I just fixed a teeny tiny bug in my relicensing script.
While recursing, it was checking directories against the excluded list by doing an endsWith(). However, one of the directories to be excluded was “ef” (Electrical Fire), an obsolete piece of debugging code, and it turns out that this was matching all directories ending in “ef” – like, for example “pref”.
This small fix has revealed 3500 more files to be relicensed that heretofore I had not suspected the existence of.
Today’s lesson then, children, is: Don’t trust new tools absolutely. Run cheap cross-checks.
[Update 5.47pm]: OK, so the fix had a bug. The actual number of files is 91, not 3500. Second lesson for today: don’t be too eager to write blog posts explaining your own foolishness, lest you demonstrate it to the world in unintended ways…

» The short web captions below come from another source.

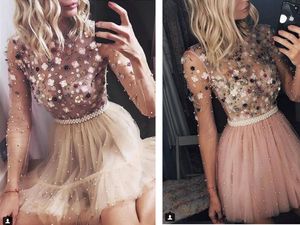 2019 Sexy Sheer Tulle Long Sleeve Short Cocktail Party Dresses Full Beads Mini Womens Clothing Formal Party Prom Dresses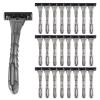 Three-Blade Razors Bulk, 3-Blade Disposable Razors Individually Wrapped, Stainless Steel Blade Razors for Travel, Bnb, Homeless (100 Count, Gray) view 1
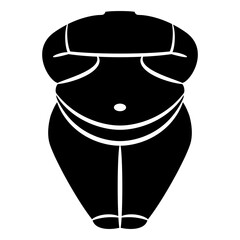 Headless female torso from Cukurdent, Turkey. Neolithic female figurine. Fertility goddess. Black and white silhouette.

http://lxr.mozilla.org/mozilla/source/ef/README.html does not sound like this is debugging code… http://www.mozilla.org/projects/ef/ even less so.
Oops, indeed. I was confusing it with Electric Fence.
Just out of curiosity, how much more needs to be done before the relicensing is completely done?
James: Not very much; but after four years, I’ve grown wary of giving dates :-) It’ll be done when it’s done; but the Foundation does see it as a priority, and the time I’m spending on it reflects that.